Hi,

In this line in the.word_language_model example, the validation loss is multiplied by `len(data)`

```
total_loss += len(data) * criterion(output, targets).item()
return total_loss / (len(data_source) - 1)
```

Two questions,

- Why is the loss multiplied by the
`len(data)`

i.e. the number of tokens in the batch? Especially considering that the training loss is not multiplied by this factor
- Why is the total_loss eventually divided by
`len(data_source) - 1`

and not just `len(data_source)`

? Why is `-1`

necessary here since we aim to get the # of batches in total?

Any help will be greatly appreciated. And thanks for these examples in the first place - really have made the transition to pytorch smoother.

Best,

The reason for these two are inter-connected.

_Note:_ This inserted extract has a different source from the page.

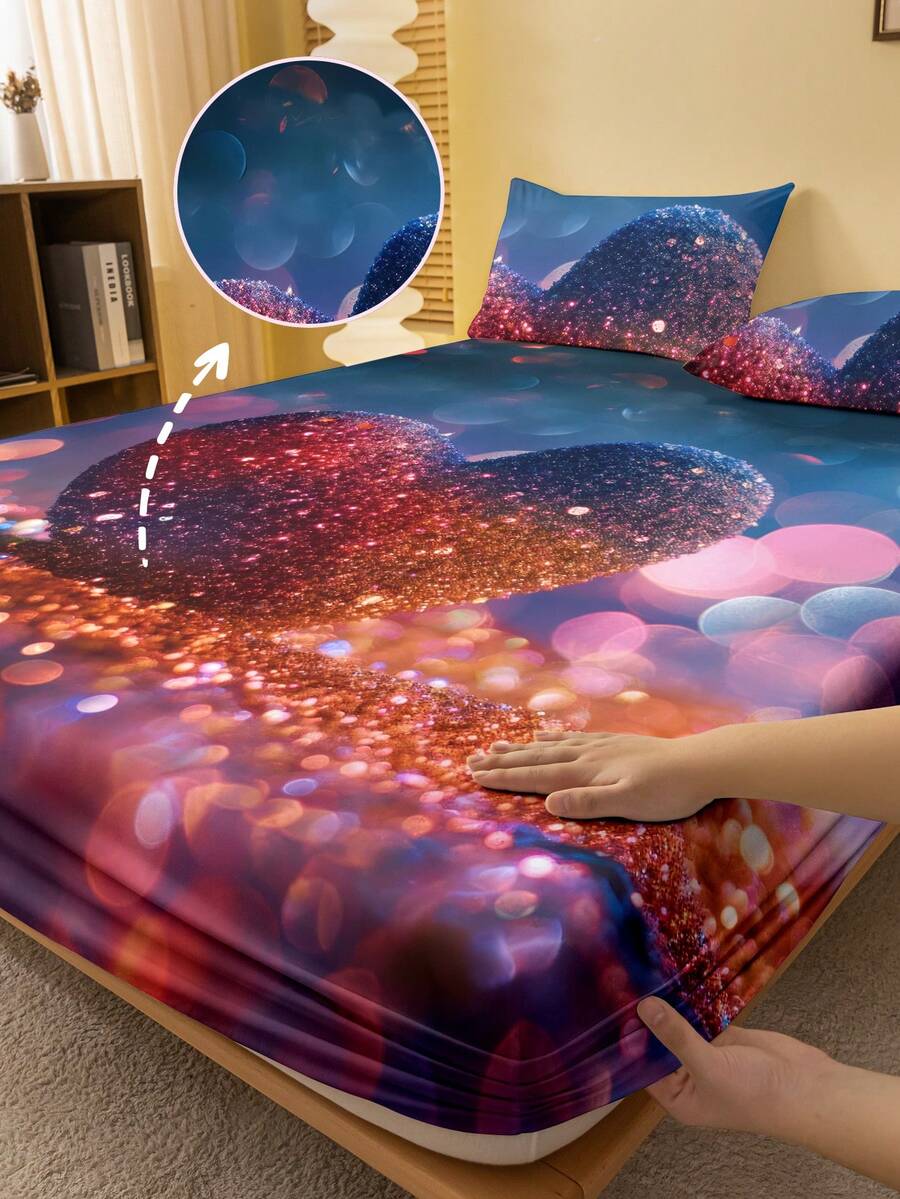 1pc Minimalist Modern Heart Geometric Bead Sparkle Pattern Digital Print Brushed Fitted Sheet, Bedroom Printed Bed Cover, Mattress Cover, Mattress Pad, Protector, Bed Linen (Pillow Case Not Included) - Multicolor - View 1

If you see in the for loop: `for i in range(0, data_source.size(0) - 1, args.bptt):`

, the loop goes for length - 1 times.

Think of a situation where one batch is NOT full. So, for `args.bptt`

= 32, say we have just 17 examples in one batch. In that case, when we multiply all the batches by their len, it allows us to normalize the loss values. Hence, all the other batches will be multiplied by 32 and one batch will be multiplied by 17. Finally, we divide the total loss by `(len(data_source) - 1)`

to get average loss. Note, training loss doesn’t have any of it.

Thanks for the detailed reply Abhilash.

Your example makes sense. Then, a follow up question is why the training loss isn’t multiply by `len(data)`

while validation loss is?

Is there some relevant theoretical background underlying word language models that I’m missing?

There’s no underlying theoretical background that you are missing. You can do the same for the training loss and get similar results.